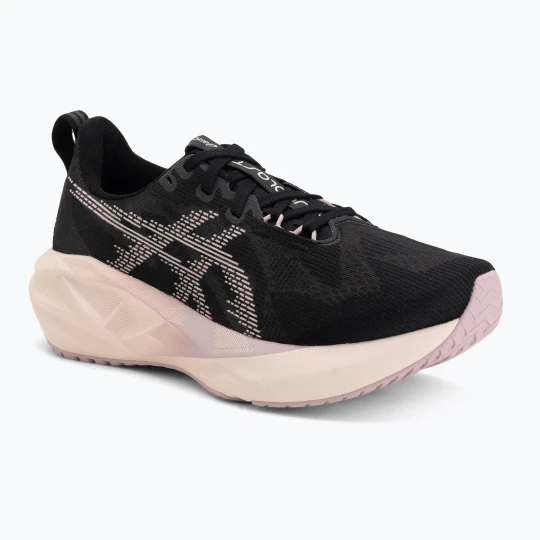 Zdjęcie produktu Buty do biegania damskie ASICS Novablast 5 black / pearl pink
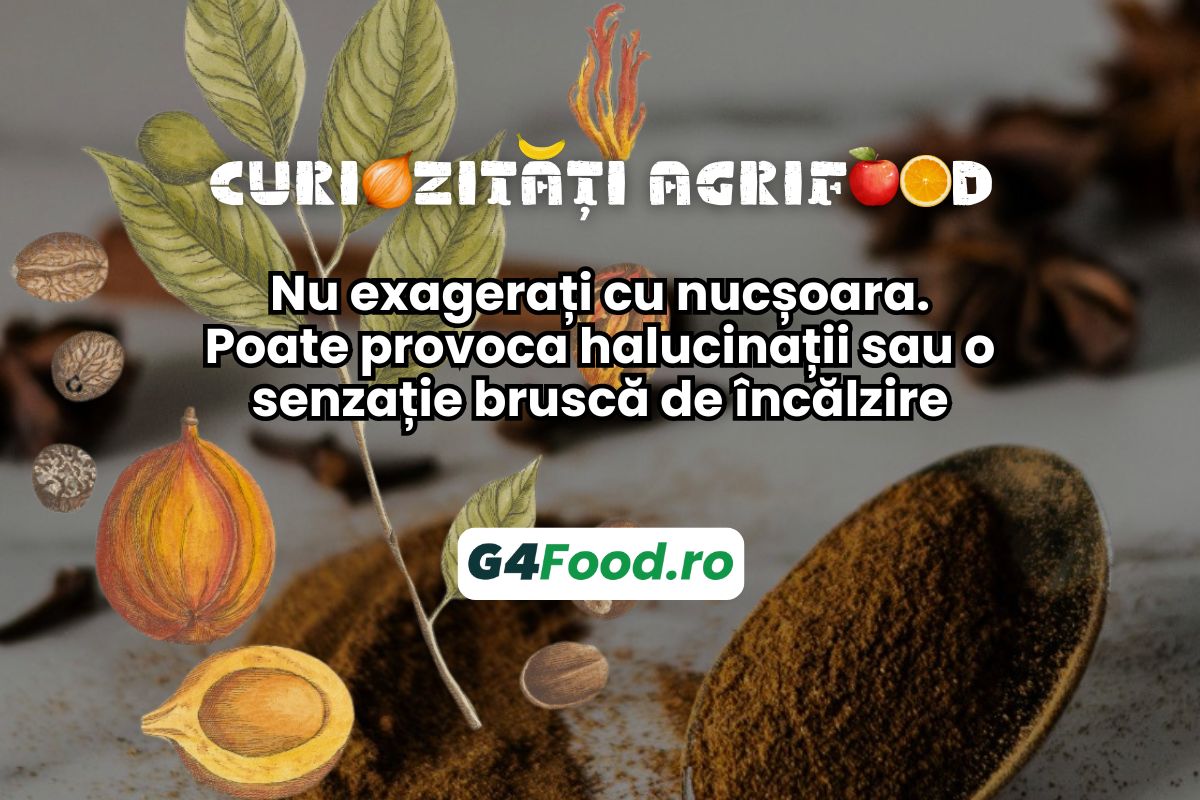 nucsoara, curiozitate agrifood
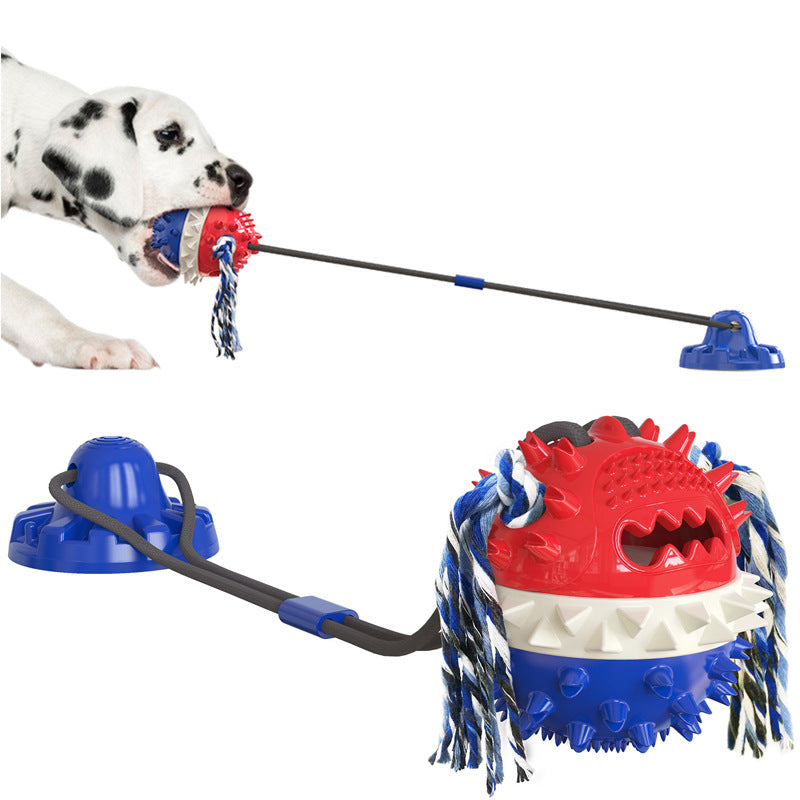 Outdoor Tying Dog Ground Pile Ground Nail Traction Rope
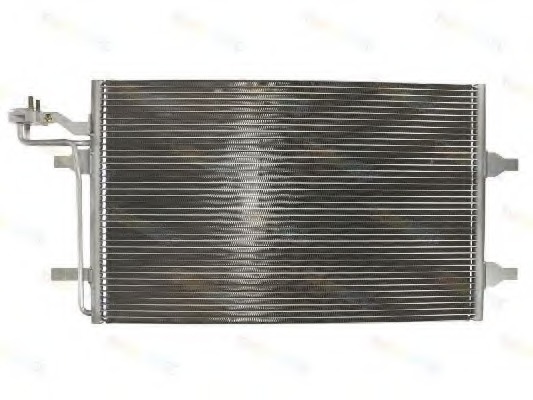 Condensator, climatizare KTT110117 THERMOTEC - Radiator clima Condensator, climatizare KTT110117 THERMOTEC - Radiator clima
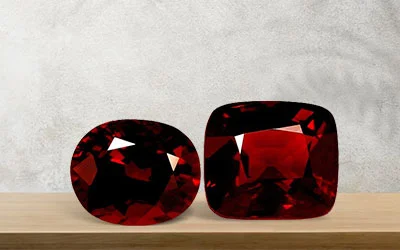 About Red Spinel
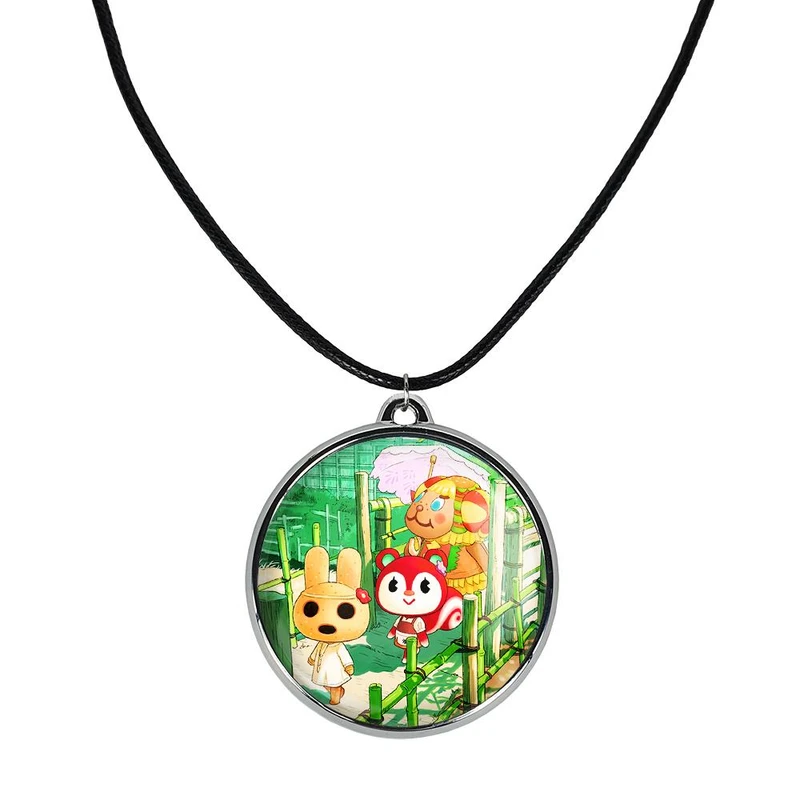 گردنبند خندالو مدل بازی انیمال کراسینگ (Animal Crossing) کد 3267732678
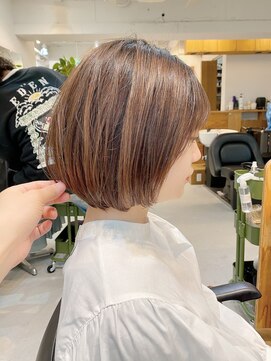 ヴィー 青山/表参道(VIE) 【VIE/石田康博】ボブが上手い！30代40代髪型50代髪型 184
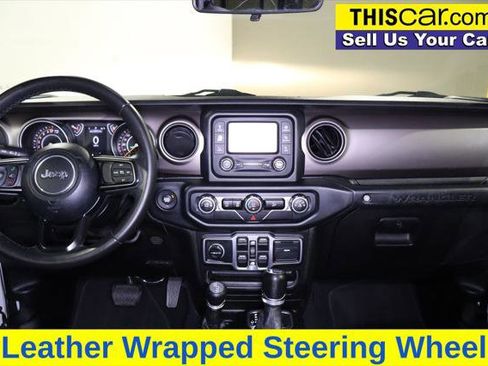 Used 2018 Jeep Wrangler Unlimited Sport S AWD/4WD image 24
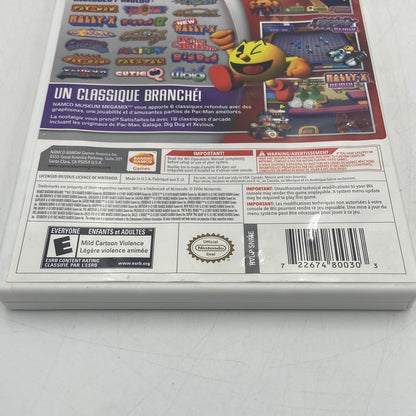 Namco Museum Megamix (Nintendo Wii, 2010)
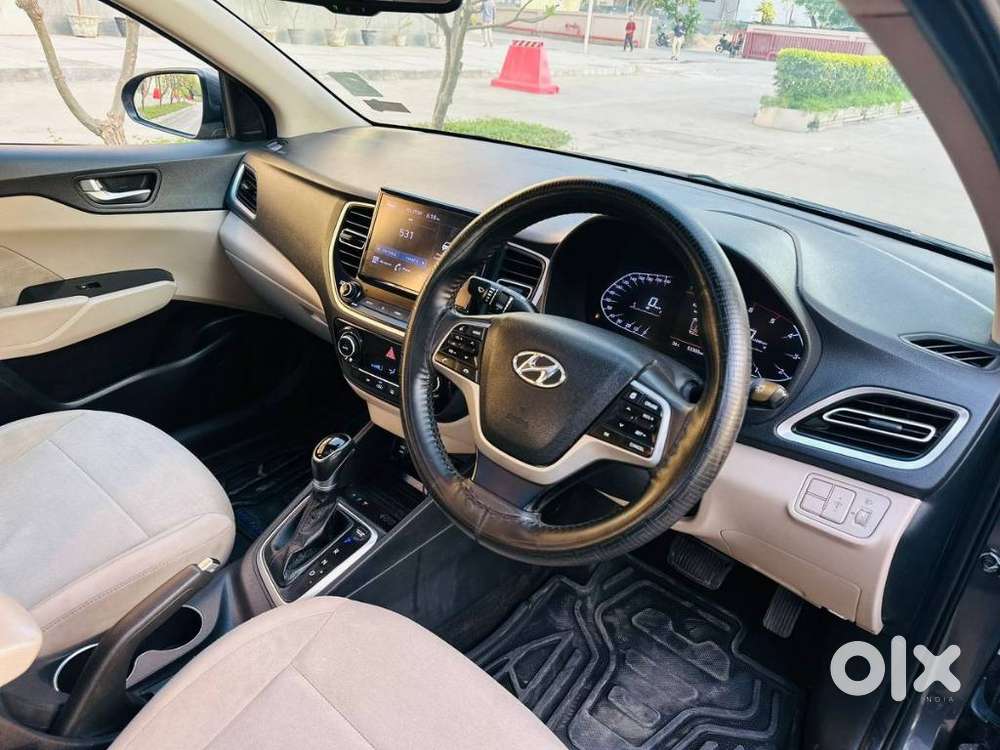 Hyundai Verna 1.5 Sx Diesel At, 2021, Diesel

+ + + +

Exercise instructions:
Beginning with the line that has "clima Condensator, climatizare", repeat each remaining line of the data above word for word, keeping pictures out.

Solution:
 Condensator, climatizare KTT110117 THERMOTEC - Radiator clima Condensator, climatizare KTT110117 THERMOTEC - Radiator clima
 About Red Spinel
 گردنبند خندالو مدل بازی انیمال کراسینگ (Animal Crossing) کد 3267732678
 ヴィー 青山/表参道(VIE) 【VIE/石田康博】ボブが上手い！30代40代髪型50代髪型 184
 Used 2018 Jeep Wrangler Unlimited Sport S AWD/4WD image 24
 Namco Museum Megamix (Nintendo Wii, 2010)
 Hyundai Verna 1.5 Sx Diesel At, 2021, Diesel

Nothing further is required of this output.